§ Task to carry out
In the records below, take the line containing "Schede grafiche: 3Dfx" and reproduce it and every subsequent line exactly, adding nothing.

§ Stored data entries

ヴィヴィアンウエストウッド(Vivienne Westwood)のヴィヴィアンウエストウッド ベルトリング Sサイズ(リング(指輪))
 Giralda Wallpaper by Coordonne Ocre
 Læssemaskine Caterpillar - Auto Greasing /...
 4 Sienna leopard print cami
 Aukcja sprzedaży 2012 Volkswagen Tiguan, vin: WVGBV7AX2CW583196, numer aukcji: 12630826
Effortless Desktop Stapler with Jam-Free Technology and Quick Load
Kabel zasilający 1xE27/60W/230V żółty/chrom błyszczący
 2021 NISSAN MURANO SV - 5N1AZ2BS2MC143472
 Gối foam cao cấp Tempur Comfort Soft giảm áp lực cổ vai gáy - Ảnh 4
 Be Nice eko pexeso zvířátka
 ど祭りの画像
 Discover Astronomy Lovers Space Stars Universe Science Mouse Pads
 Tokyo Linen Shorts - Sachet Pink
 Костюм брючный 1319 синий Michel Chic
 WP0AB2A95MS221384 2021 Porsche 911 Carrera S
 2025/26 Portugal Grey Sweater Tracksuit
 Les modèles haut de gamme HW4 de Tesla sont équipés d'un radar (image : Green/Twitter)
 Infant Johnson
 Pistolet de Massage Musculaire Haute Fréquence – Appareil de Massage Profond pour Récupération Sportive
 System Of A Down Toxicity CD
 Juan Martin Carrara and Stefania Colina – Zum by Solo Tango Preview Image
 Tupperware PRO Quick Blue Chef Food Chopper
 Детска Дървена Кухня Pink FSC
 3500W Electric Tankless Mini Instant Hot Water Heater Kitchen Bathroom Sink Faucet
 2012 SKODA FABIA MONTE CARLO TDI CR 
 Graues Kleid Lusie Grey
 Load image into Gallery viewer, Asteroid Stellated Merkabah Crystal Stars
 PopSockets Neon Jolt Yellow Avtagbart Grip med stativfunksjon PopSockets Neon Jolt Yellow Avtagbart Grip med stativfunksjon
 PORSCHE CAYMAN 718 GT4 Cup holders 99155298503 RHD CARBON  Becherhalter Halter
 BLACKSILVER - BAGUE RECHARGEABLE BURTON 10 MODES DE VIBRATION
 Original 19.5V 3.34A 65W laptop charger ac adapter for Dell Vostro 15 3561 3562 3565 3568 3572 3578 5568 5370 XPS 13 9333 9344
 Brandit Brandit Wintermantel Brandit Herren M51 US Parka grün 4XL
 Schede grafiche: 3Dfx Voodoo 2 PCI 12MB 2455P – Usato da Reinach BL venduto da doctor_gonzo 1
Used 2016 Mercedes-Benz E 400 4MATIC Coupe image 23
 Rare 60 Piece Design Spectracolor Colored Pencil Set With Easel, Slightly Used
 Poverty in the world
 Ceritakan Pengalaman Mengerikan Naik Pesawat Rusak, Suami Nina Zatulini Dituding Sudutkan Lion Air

§ Exercise response
 Schede grafiche: 3Dfx Voodoo 2 PCI 12MB 2455P – Usato da Reinach BL venduto da doctor_gonzo 1
Used 2016 Mercedes-Benz E 400 4MATIC Coupe image 23
 Rare 60 Piece Design Spectracolor Colored Pencil Set With Easel, Slightly Used
 Poverty in the world
 Ceritakan Pengalaman Mengerikan Naik Pesawat Rusak, Suami Nina Zatulini Dituding Sudutkan Lion Air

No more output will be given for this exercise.